## Assigned task
Leaving out every picture, quote the data below exactly as it appears.

## Information supplied

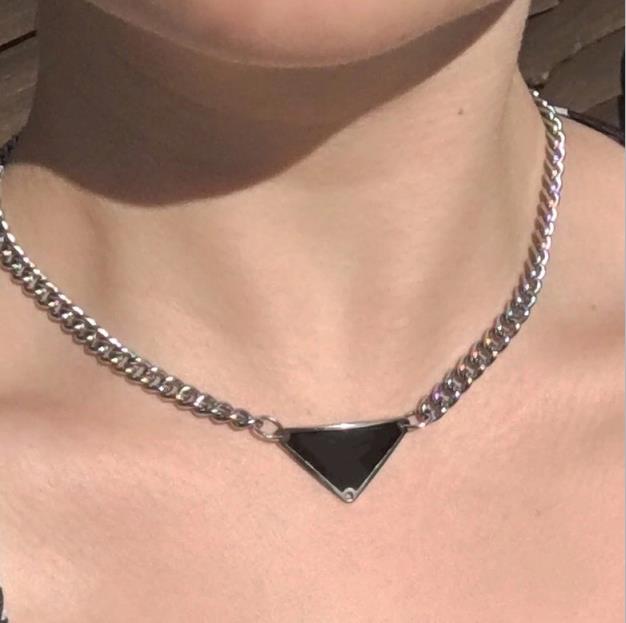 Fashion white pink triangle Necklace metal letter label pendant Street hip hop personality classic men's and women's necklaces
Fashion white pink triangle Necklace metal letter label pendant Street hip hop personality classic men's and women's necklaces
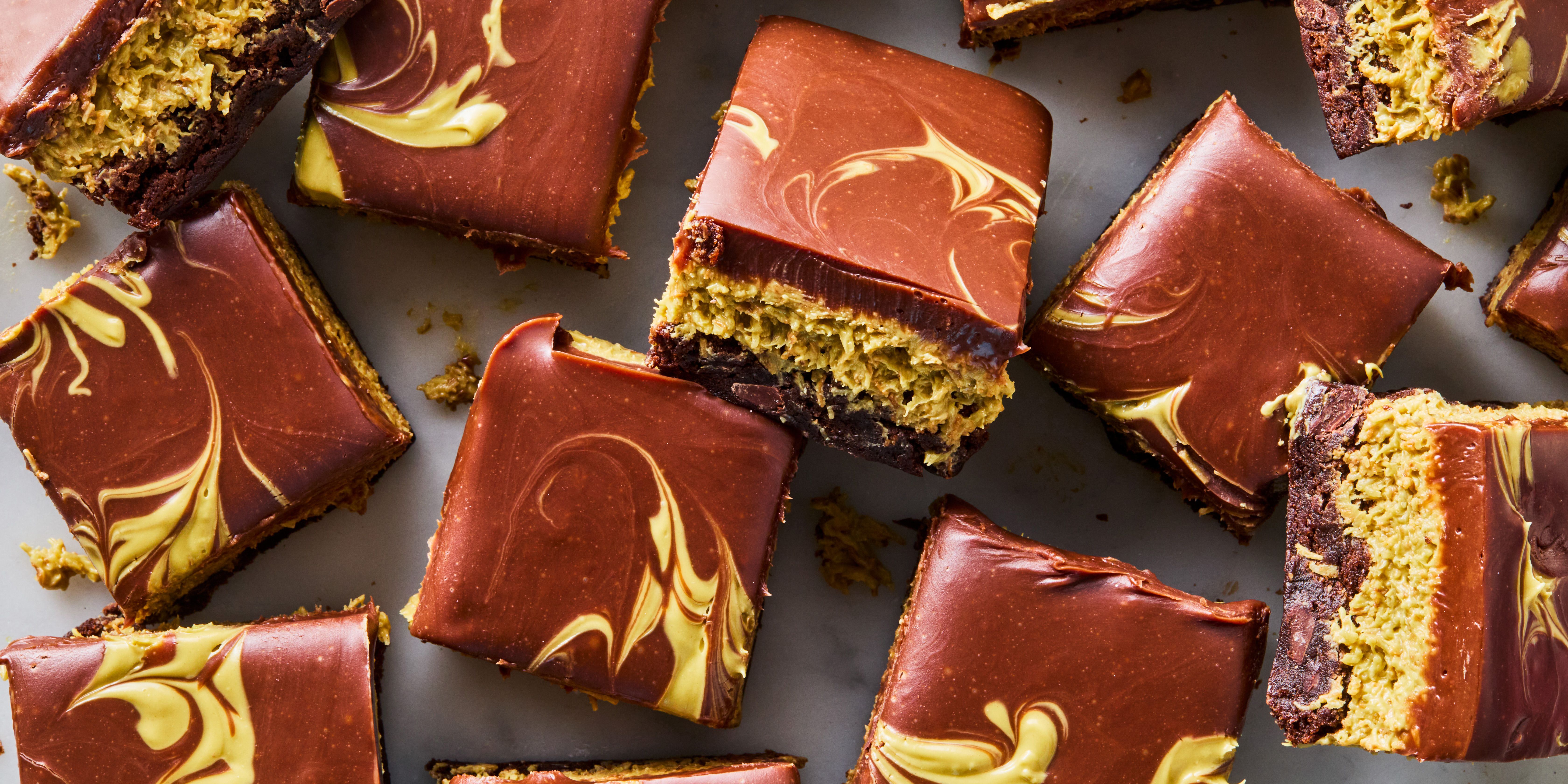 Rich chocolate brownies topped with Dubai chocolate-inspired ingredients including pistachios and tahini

## Task output
 Fashion white pink triangle Necklace metal letter label pendant Street hip hop personality classic men's and women's necklaces
Fashion white pink triangle Necklace metal letter label pendant Street hip hop personality classic men's and women's necklaces
 Rich chocolate brownies topped with Dubai chocolate-inspired ingredients including pistachios and tahini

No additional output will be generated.